One key contributor who hasn’t received the same accolades as the freshmen is graduate transfer L.G. Gill. While Gill only sees about 14 minutes a game, averaging four points and around three rebounds, he’s been a valuable asset at the “4” spot with Cekovsky out. Gill saw 13 minutes against Rutgers and ended up with seven points and three boards.

“LG is playing terrific. LG’s rebounding, LG’s in the right spots on defense, LG’s talking and getting guys in position,” Dodd said. “With him, he has to play multiple positions, and that’s not easy, but it shows you how talented and how good of a player he is that he’s able to adjust.”

Now, the freshmen trio, Gill and their teammates travel to Minnesota to take on a struggling Gophers’ squad that’s in the midst of a four-game losing skid.

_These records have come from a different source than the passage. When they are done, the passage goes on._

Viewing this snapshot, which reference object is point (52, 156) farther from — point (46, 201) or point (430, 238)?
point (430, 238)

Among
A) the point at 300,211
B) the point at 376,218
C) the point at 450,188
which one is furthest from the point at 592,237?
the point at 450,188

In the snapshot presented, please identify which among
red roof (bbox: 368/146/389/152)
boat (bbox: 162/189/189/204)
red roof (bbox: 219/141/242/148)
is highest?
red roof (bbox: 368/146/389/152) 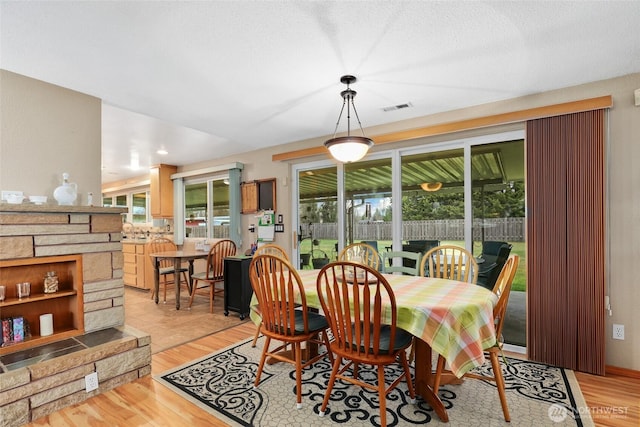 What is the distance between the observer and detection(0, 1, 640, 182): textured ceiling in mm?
1710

Minnesota (15-6, 3-5 Big Ten) just lost to Ohio State, 78-72, and previously dropped a home game against Wisconsin.

The Gophers’ offensive has been the root of the squad’s troubles this year. They score around 74 points per game (eights in the Big Ten), connect of 43 percent of their field goals (11th), hit at a 36 percent clip from range (11th) and shoot just 69.4 percent from the line (ninth). They sit middle of the pack, meanwhile, in assists; assist-to-turnover ratio; and offensive rebounding.

Defensively, the Gophers have actually performed fairly well. They’re only seventh in the Big Ten in scoring defense (67 points per game), but they hold foes to 39 percent shooting (second) and 29.6 percent from beyond the arc (first). Minnesota also excels at protecting the rim, where the Gophers sit first in the Big Ten at 6.4 blocks a night.

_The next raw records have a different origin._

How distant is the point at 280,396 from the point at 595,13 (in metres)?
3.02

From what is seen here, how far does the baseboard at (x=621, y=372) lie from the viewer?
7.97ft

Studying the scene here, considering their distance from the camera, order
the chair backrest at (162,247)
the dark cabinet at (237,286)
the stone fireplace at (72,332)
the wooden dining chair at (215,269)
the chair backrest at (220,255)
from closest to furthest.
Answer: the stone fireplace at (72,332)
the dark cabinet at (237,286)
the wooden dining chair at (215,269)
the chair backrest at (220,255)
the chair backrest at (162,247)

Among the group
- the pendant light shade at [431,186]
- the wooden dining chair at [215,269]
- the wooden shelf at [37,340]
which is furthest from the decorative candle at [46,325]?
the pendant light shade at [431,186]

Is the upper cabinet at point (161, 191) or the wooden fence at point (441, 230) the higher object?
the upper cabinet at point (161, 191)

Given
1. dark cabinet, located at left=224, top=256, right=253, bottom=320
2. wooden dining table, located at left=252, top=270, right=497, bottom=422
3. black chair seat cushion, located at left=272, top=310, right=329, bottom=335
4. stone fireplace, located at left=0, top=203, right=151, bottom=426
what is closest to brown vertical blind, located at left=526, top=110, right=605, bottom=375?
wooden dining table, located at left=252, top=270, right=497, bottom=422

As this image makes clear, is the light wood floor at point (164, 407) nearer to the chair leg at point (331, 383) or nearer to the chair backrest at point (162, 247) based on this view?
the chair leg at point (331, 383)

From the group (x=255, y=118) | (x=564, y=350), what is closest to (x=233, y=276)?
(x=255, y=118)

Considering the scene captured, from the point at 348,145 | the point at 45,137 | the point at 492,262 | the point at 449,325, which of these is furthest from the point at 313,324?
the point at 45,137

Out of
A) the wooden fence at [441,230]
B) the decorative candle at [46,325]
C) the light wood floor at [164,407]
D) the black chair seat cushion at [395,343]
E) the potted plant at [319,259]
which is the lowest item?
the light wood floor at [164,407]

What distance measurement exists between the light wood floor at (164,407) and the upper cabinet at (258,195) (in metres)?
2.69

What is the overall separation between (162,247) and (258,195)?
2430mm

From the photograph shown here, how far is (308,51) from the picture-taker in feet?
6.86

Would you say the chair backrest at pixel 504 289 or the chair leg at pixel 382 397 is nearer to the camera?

Trouble is, Minnesota doesn’t clean the glass particularly well, ranking 13th in defensive rebounding and 12th in overall rebounding margin.

The Terps, however, aren’t taking the Gophers lightly.

“They’re a good team; they were ranked at one point,” Huerter said. “They kind of have it all. A really good point guard, good freshmen, and big guys that rebound. They pose a challenge for us.”

Said Turgeon: "We’re Maryland basketball. We’re always the hunted…. We know it's going to be a big game [for Minnesota Jan. 28]. ... Everybody gets fired up to play us. We’ve won national championships, been to a Final Four, had 59 pros. We understand people come after us. But this team just focuses on the task at hand."

In the backcourt, point guard Nate Mason leads the way at 14 points per game, although he only shoots 38 percent form the field and 39.5 percent from 3. He’s known more for his passing (5.5 assists per), court vision and ability to guide the offense. Mason also averages more than a steal a night too.

“Mason is terrific. He shot the ball well the other night. He makes them go, so he’s a tough matchup. He can really score and what’s remarkable are his assists,” Turgeon said.

Joining Mason in the backcourt is sophomore Dupree McBrayer, who is third on the squad at 11.4 points per game. He shoots 45.5 percent from the field, 37 percent from range and drops about three dimes per game.

McBrayer, though, did not start Minnesota’s last game against OSU. In his place, graduate transfer Akeem Springs got the nod and ended up scoring 15 points, which means he probably cemented his spot. For the season, Springs is averaging 9.2 points per game and has proven to be the squad’s most effective 3-point shooter at 40 percent.

At wing, freshman Amir Coffey is averaging 12.2 points per game. He’s quite efficient inside the arc (47 percent shooting), but struggles from 3 (30 percent). Coffey grabs 3.7 rebounds a game and racks up just under three assists.

In the frontcourt, sophomore forward Jordan Murphy, a one-time Terps’ target, puts up about 10 points a night. He shoots 46 percent from the field, but doesn’t have much range and struggles from the free-throw line (55 percent) and with turnovers. Murphy is, however, the team’s leading rebounder at 7.7 per.

Rounding out the staring lineup is 6-foot-10 center Reggie Lynch, who’s the most proficient shot blocker in the conference. Lynch averages three rejections per game, putting him among the top-five nationally in that category. Lynch also chips in around six boards and 8.4 points per game.

“They’re a heck of a basketball team. They really are,” said Turgeon, who mentioned he’d address last year’s Minnesota game, which the Terps lost. “They have a really nice team and we’ve got to be locked into all of them.”